Battleborn’s marketing material was all about how it was by the people behind Borderlands, and you could tell. The character design, the game’s visual style, and the humour used in the dialogue were very similar. And while this was no Agent’s of Mayhem situation, Battleborn feels too much like a Borderlands game and less like a fresh new take on the MOBA genre. As much as Gearbox marketed Battleborn as being “by the creators of Borderlands”, not committing to the game being set in the Borderlands universe or being a sequel was highly detrimental to the game.

Battleborn - Announcement Trailer
Screenshot captured from Battleborn’s announcement trailer
Image Credit – Gearbox Software

Blizzard could get away with creating a new IP and expecting it to be at the very least mildly successful; they’ve done it time and time again. But Gearbox hasn’t. They’ve made one, really successful franchise, and instead of using it to launch their foray into online shooters, they instead created a brand new IP but made it play and look so much like Borderlands to try and stay safe. Not only was it confusing, but ultimately pointless, as there were no recognizable characters, locations, inside jokes, or references to appeal to people, and as such Battleborn didn’t have that star power that it should have done.

It’s All About The Money

Battleborn cost $60 at launch, on top of a season pass that cost $20. That’s insane. It’s made even more insane by the fact that Overwatch, which had only a little less content (four fewer heroes), cost $40, and Paragon was completely free!

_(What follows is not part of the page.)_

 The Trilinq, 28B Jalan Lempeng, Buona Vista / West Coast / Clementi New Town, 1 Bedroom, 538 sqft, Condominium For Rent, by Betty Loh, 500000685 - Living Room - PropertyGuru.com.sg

Simply put, Battleborn was too expensive.

When pricing your game, you have to take into consideration what the market has to offer already. When Paladins released, it did so for free, as Hi-Rez Studios knew no one would play it if they charged money for it. Overwatch was too successful by that point (September 2016) for Hi-Rez Studios to even dream of charging for the base game. Instead, players had to purchase characters in-game to play as them but could access free characters on rotation.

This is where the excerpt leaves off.